2013年4月10日水曜日

街なか居住のすすめ:9


さらに複雑な権利関係を、事業を通じて整理した案件もあります。
従前は、戦後間もなく建設された木賃アパートが立ち並んでいました。
しかし、時代に合わなくなった木賃アパートは、どんどん入居希望者が減り続けており、空室で新規募集を図っても、全く反応が得られない状況になっていました。

従前の木賃アパートは、親族法人が所有することで借地権が発生しており、底地は相続権利者の共有となっておりましたが、既に二次相続が発生し、底地を兄弟で共有している状況でした。さらに、一部住戸は、土地建物ともに、先代の兄弟が所有しておりました。

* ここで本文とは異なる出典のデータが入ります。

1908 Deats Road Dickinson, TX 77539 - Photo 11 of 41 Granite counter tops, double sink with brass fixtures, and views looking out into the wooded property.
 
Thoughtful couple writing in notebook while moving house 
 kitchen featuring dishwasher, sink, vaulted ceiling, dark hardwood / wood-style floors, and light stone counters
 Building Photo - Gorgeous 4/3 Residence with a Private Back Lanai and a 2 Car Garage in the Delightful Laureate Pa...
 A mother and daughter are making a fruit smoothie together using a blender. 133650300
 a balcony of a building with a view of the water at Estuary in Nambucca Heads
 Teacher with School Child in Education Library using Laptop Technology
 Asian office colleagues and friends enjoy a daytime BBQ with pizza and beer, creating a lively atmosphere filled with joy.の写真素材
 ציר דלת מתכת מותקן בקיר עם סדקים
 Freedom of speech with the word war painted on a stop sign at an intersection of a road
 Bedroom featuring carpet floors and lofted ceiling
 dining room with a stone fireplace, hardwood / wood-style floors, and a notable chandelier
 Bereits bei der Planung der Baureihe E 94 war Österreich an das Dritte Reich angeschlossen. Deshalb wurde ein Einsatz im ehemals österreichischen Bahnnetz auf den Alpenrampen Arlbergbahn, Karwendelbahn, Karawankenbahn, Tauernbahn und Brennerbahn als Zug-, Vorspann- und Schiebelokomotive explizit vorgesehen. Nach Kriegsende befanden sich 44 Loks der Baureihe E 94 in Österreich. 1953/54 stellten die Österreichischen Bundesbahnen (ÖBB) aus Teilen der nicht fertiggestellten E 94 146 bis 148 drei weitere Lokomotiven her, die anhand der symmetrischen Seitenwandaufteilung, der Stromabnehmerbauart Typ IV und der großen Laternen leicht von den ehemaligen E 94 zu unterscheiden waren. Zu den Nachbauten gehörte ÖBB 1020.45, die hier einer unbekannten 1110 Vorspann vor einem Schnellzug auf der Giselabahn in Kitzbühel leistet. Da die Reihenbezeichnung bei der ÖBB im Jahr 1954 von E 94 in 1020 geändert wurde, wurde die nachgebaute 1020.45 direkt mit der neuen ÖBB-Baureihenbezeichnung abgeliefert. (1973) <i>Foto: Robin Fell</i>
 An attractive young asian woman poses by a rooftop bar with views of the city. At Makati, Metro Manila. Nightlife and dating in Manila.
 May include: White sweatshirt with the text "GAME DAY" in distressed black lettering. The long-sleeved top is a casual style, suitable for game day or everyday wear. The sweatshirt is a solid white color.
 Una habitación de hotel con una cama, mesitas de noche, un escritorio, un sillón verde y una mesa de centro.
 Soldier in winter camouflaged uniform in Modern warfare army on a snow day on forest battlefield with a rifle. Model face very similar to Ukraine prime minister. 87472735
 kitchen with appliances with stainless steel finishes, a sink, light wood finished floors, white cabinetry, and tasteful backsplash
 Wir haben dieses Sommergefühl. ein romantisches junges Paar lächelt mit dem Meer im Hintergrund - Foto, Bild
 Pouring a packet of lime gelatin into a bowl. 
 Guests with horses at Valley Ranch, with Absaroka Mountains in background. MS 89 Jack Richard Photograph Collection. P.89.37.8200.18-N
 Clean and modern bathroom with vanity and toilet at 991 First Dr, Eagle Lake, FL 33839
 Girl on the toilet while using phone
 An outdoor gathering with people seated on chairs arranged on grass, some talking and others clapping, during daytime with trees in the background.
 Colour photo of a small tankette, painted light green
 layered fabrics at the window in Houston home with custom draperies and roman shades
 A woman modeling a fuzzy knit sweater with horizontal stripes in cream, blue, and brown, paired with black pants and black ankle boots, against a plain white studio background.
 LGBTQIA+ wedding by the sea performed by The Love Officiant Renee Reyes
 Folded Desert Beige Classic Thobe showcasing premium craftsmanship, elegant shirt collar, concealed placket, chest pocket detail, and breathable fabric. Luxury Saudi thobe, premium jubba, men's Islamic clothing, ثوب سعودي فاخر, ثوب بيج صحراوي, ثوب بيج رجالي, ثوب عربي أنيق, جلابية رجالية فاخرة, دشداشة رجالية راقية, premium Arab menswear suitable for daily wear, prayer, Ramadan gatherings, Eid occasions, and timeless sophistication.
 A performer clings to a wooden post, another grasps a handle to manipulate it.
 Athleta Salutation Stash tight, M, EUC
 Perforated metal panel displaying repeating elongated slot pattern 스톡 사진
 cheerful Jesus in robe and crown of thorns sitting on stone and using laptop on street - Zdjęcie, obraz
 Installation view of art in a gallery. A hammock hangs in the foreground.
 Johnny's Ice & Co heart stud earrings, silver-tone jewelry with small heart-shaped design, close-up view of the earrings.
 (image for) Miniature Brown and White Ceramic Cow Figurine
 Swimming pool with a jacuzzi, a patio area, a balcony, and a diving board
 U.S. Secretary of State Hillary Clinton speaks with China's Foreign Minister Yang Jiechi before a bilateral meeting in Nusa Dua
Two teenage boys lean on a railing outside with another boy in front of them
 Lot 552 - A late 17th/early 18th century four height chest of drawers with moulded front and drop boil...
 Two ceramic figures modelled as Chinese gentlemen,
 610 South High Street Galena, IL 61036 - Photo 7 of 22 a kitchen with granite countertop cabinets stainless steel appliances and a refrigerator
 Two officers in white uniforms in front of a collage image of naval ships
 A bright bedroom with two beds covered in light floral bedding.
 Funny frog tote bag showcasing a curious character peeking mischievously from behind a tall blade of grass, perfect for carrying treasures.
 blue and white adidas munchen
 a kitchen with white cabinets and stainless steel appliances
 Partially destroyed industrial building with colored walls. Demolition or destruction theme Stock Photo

木賃アパートを解体して、新たに賃貸マンションを建設する計画が検討されましたが、親族法人と親族間で複雑に絡んだ権利関係が問題となり、具体化に至りませんでした。このまま放置しておき、このままの状態で次の代に継承されると、さらに権利が複雑になり、権利関係を整理する事が不可能になる事態も予想されました。

そこで、等価交換により、親族法人、底地を共有する各権利者毎に権利変換して住戸を取得することで、権利関係を整理しました。一部の土地建物を所有していた先代の兄弟は、居住用資産の買い替え特例により、地区外のマンションを購入しました。従前はほとんど入居者がおらず、売り上げの上がっていなかった親族法人ですが、等価交換により取得した賃貸住戸から収益が得られるようになりました。

このように、等価交換を活用する事で、資金投下することなく複雑な権利関係を整理し、収益を得ることができる状況にすることができました。